Thank you both for the quick responses and the suggestions. I can confirm that the suggested workarounds of either adding --sftp-disable-concurrent-writes to the client or --vfs-cache-mode writes to the server seem to work on my test setup.
I still believe this could be a bug as the documentation for rclone serve sftp explicitly states:
Note that the default of "--vfs-cache-mode off" is fine for the rclone sftp backend, but it may not be with other SFTP clients.
So it shouldn't be needed and it would be great if the rclone sftp backend and the rclone sftp serve command would work together out of the box.
It's not a really easy answer as if you stop something useful in the client, it would make it slower by default for other SFTP servers out there as well if it was a default.
Not sure I'd say it's a bug either as you can just set the flags to meet your needs.
In this case, if you are using both rclone for the client and server, you gotta pick a spot to handle those writes. Doesn't matter where.
@ncw Thank you for taking a look at it. I can create an issue on GitHub. In the meantime I discovered an additional problem when using serve sftp with the --stdio option (I have included the details below). Maybe this is related to the underlying code changes? The files are corrupted on transfer and rclone is therefore Removing failed copy. Let me know if I should include both problems in the same GitHub issue or create a separate one.
What is the problem you are having with rclone?
When using serve sftp with the --stdio option the files are corrupted on transfer, rclone is therefore Removing failed copy and retries until it runs out of attempts. Some files are transferred successfully in the end, some are not. When using the serve sftp command directly without --stdio this problem doesn't seem to occur.
What is your rclone version (output from rclone version)
v1.57.0-beta.5823.da8f9be84
Which OS you are using and how many bits (eg Windows 7, 64 bit)
Debian 10 Buster, 64 bit
Which cloud storage system are you using? (eg Google Drive)
Local Filesystem
The command you were trying to run (eg rclone copy /tmp remote:tmp)
Unfortunately GitHub truncated the server logs as they were too long. Let me know if something important is missing.
The corrupted on transfer problem is present in all 4 cases.
Could the problem be related to the number of file transfers that are run in parallel (default: --transfers 4). When running rclone serve sftp as the server only 1 server is responsible for handling all 4 connections. When running the --stdio variant OpenSSH starts up rclone serve sftp --stdio 4 times.

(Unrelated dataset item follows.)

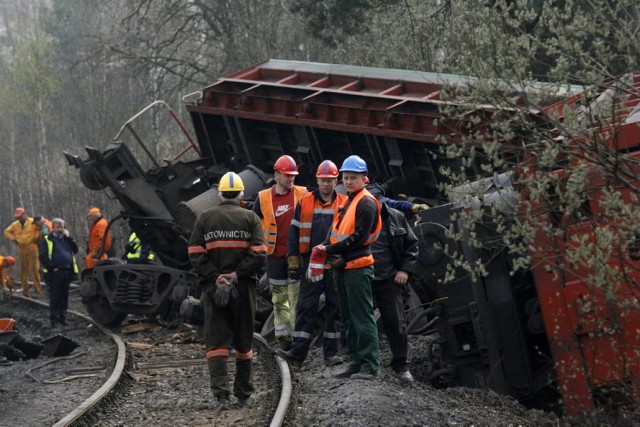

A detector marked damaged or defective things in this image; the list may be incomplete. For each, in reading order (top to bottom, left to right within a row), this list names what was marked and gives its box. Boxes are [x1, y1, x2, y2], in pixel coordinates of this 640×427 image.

damaged rail car [66, 59, 640, 414]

Running 4 different copies of the rclone server is leading to different views of the state of the filing system.
There is a certain amount of smoke and mirrors going on when you use an rclone server (the VFS layer of rclone) when you are writing a file. Rclone knows it is writing a file and will return the status of the file it is writing, rather than the status of the file on the filing system. This is to allow for the file being written asynchronously.

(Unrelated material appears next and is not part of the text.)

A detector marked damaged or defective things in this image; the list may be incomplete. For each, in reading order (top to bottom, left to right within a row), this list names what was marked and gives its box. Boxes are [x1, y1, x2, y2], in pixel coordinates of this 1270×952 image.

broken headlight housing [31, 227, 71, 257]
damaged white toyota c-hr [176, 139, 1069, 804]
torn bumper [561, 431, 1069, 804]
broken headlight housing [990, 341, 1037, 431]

However when running multiple servers the client rclone is choosing indiscriminately which server to send commands to so it might get a server in which that file hasn't been fully written to disk yet and since it wasn't the server doing the writing then it doesn't have the smoke and mirrors to return the expected size of the file and hence the corrupted on transfer: sizes differ XXX vs YYY errors.
We really only want one rclone server running at once otherwise we'll get these problems. One rclone server is quite cabable of running multiple streams...
Maybe we can think of a different way to solve this. What problem are you trying to solve with using --stdio? Of not having a permanently resident rclone server? Or something else?
Thank you for the explanation. That makes sense to me and is indeed very interesting.
My use case is the following: I want to upload files from machine A (behind NAT) to machine B (server with public IP). As a SSH server is running on machine B anyway the initial idea was to add rclone serve sftp --stdio to the authorized_keys file and start the upload on machine A. This way no additional port is needed and the SFTP client is confined to a defined folder. The disadvantage is that sha1sum/md5sum are not available because of the restrict in authorized_keys and with the discussed workarounds of --sftp-disable-concurrent-writes and --transfers 1 this also is rather slow. As an alternative I setup a separate rclone serve sftp on machine B that machine A can reach via a VPN. This still needs --sftp-disable-concurrent-writes as a workaround but with --transfers 9 I can reach the full throughput of the connection, so this would be fine. The solution I'm using now is to run rclone serve sftp on machine A and download the files using a rclone client on machine B via the VPN. This removes the need of a bugfix for me but maybe it’s still relevant to other users.
Should I create the two issues on GitHub ([1] --sftp-disable-concurrent-writes necessary due to underlying changes in SFTP library and [2] --transfers 1 necessary when running rclone serve sftp –stdio)?
Additionally or alternatively I can prepare a pull request to update the documentation with these workarounds. Let me know what you think.